A simple sustainable objective may be to keep a percentage of your portfolio invested in AAA-rated ESG funds. Other sustainable objectives could include investing a portion of a portfolio in renewable energy or emerging climate tech. You can also choose an exclusionary principle, avoiding stocks in fossil fuels, weapons, or companies without climate initiatives.
Define asset allocations
Successful investors will always diversify their portfolios to mitigate risk. Sustainable investing is no different. Asset allocation means choosing the percentage of different asset classes, such as stocks and bonds, within your portfolio. Risk tolerance and investment timeline will be deciding factors.
A medium-risk, long-term asset allocation could be 70% stocks and 30% bonds. Investors can choose between large-cap, medium-cap, and small-cap stocks, emerging markets, international securities, REITs, fixed-income securities such as government bonds, and money market investments to build asset diversity. For the sustainable investor, focus on assets with ESG priorities or ratings.
Research options
With hundreds of ESG stocks, bonds, and funds to choose from, you’ll want to find investment opportunities with sustainable financial returns. To evaluate investment options, you’ll want to look at debt-to-equity ratio, price-to-earnings ratio, and historical performance, as well as ESG reports and ratings. You can choose companies that have strong financial performances and focus on the sustainability criteria you set in step one.
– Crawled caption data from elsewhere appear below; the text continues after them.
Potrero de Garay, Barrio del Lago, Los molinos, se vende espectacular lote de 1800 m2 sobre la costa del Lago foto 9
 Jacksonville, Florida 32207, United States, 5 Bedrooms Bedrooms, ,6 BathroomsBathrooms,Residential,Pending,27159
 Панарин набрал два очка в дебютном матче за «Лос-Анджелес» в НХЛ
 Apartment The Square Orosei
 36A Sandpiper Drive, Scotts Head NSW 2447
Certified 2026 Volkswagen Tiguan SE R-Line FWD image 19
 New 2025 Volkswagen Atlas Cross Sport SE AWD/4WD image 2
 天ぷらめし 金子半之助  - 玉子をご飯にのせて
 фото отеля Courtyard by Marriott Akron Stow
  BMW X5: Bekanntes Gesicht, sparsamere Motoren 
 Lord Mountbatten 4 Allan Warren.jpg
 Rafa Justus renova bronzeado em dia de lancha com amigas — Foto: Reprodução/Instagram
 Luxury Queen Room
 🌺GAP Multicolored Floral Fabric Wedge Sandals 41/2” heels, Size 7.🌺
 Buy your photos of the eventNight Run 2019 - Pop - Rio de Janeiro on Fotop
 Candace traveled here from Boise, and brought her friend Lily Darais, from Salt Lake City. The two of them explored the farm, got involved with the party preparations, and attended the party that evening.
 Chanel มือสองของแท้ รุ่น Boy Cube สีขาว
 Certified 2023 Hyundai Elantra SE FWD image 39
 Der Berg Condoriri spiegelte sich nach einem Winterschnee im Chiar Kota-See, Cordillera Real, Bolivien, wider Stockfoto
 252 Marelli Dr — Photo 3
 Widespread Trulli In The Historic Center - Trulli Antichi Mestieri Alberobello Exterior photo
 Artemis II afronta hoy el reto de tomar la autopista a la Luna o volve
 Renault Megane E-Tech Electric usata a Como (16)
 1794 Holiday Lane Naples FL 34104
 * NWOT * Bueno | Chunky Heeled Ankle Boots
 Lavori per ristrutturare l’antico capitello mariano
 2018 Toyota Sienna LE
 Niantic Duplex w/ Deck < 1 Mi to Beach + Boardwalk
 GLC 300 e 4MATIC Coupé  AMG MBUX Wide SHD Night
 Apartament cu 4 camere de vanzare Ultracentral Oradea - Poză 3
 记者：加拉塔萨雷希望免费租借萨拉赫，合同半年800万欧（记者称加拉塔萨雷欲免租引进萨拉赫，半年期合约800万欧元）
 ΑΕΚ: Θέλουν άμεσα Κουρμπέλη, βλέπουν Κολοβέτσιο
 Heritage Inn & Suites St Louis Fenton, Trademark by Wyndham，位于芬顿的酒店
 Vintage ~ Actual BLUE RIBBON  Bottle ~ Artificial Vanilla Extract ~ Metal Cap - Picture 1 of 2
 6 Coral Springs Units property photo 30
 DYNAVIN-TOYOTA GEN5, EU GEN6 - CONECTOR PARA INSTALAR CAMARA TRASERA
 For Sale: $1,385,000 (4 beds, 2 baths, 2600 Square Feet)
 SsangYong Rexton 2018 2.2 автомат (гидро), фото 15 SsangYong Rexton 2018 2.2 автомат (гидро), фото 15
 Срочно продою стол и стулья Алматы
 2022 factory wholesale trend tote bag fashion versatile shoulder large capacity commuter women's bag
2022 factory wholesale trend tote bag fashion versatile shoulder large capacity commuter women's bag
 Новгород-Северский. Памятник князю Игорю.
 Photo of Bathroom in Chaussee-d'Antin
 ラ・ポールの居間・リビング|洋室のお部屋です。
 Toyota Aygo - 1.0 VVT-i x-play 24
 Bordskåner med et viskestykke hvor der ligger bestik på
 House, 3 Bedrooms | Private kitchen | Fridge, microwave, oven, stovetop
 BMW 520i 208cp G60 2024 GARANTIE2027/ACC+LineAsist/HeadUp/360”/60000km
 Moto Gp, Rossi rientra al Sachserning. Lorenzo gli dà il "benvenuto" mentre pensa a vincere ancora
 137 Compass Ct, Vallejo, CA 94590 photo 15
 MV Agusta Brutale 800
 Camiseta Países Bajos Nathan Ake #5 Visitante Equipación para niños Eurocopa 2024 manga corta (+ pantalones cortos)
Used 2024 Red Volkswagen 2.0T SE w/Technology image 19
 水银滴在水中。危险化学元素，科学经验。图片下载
One of the simplest ways to start investing sustainably is with ESG mutual funds, or ESG ETFs. Funds offer built-in diversification and clear reporting. Investors may choose to prioritize socially responsible funds, ESG funds, or impact funds. There are also a number of stocks taking on climate change.
Invest for the long term
With a sustainable investment portfolio, the basic principles remain the same. Diversify, buy and hold, invest new money regularly, and focus on long-term returns. Building a sustainable portfolio has the potential to bring consistent, long-term financial growth while supporting impact targets and a sustainable future.